Он искренно, по-русски, жалел «тюремных сидельцев» – в Пасху, на Рождество, а также в другие праздничные дни имел обычай посещать заключенных, беседовать с ними. Бывал и у «политических» в Шлиссельбургской и Петропавловской крепостях. «Он был человек веротерпимый и умел понимать других», – как-то сказала о нем В. Н. Фигнер, с которой митрополит дважды встречался в тюрьме. Ничего не зная о внутренней истории «русской каторги», он, впервые услышав эту историю от Фигнер, «был взволнован, потрясен». Известная революционерка произвела своей искренностью огромное впечатление на митрополита, который обещал ей узнать, будет ли изменена участь шлиссельбуржцев в связи с вышедшим в 1904 г. манифестом о рождении наследника[115]

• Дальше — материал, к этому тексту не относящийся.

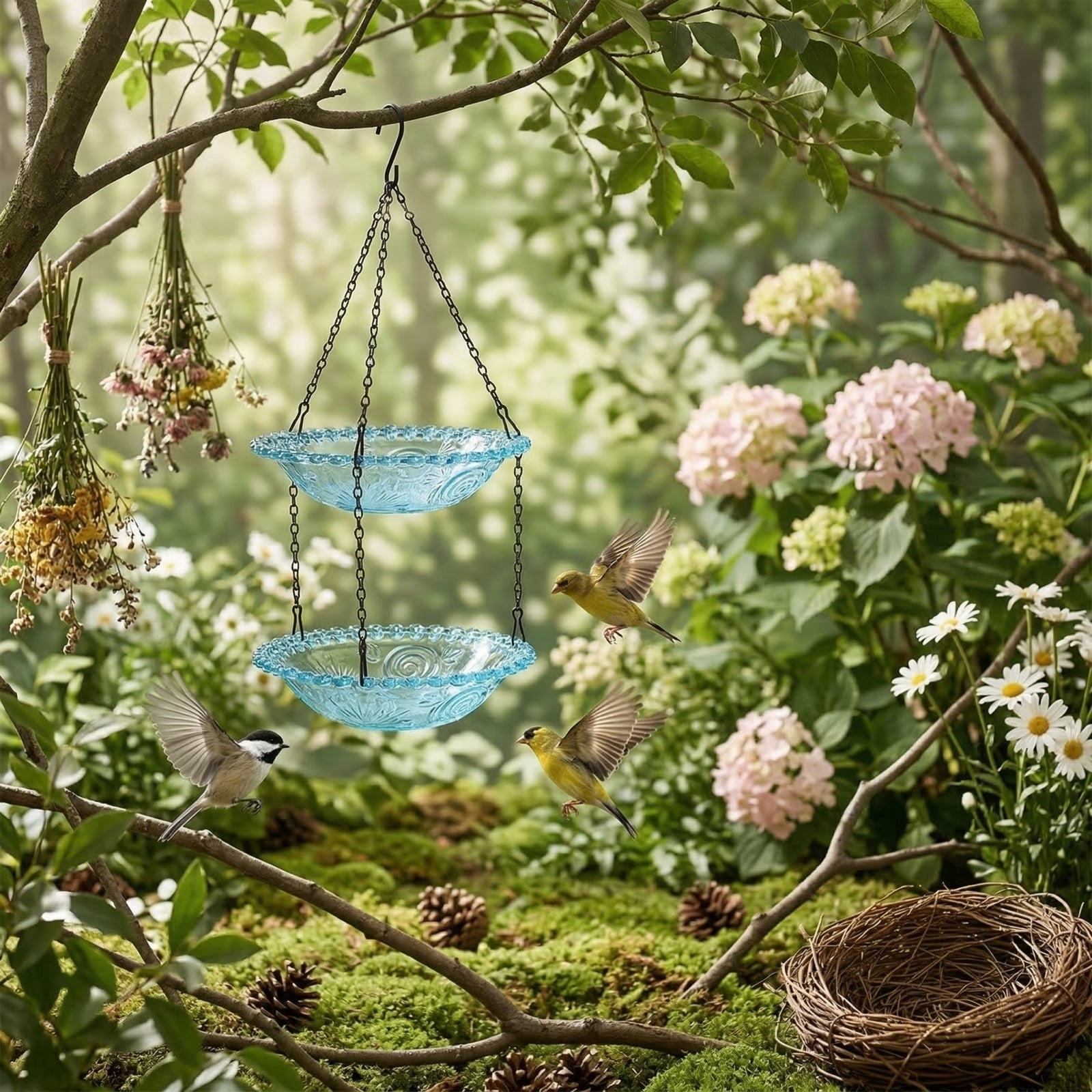 Solar Cascade Hanging Bird Bath Fountain, Solar Powered Cascading Outdoor Water Fountainwith Solars Pump & Glass Bowl, Decorative Garden Yard Patio Bird Bath Fountain (Pink Double-Tier)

. Однако владыка, с 1900 г. являвшийся первоприсутствующим членом Святейшего Синода, реально на что-либо повлиять не мог; действительная власть находилась в руках Победоносцева. Практически все свои «политические» действия митрополит должен был согласовывать с обер-прокурором. В этом, думается, и заключалась главная причина пресловутой «безынициативности» столичного архипастыря.Впрочем, эта «безынициативность» никак не мешала владыке, в случае согласия светских менторов Церкви, всячески содействовать разрушению кастовой замкнутости духовенства, сотрудничеству с богоискательски настроенной интеллигенцией. Как только ведомство православного исповедания разрешило открыть Религиозно-философские собрания, митрополит благословил ректору столичной духовной академии епископу Сергию (Страгородскому) быть их председателем, а также дозволил участвовать в них всему духовенству, академическим профессорам и преподавателям. Даже студенты академии, по выбору, могли посещать собрания. Характеризуя Религиозно-философские собрания, Д. С. Мережковский заметил, что тогда «впервые русская Церковь, и, может быть, не только русская, но и вся вообще историческая христианская Церковь, встречалась лицом к лицу со светским обществом, с культурой, с миром, не для внешнего, насильственного, а для внутреннего свободного общения»[116]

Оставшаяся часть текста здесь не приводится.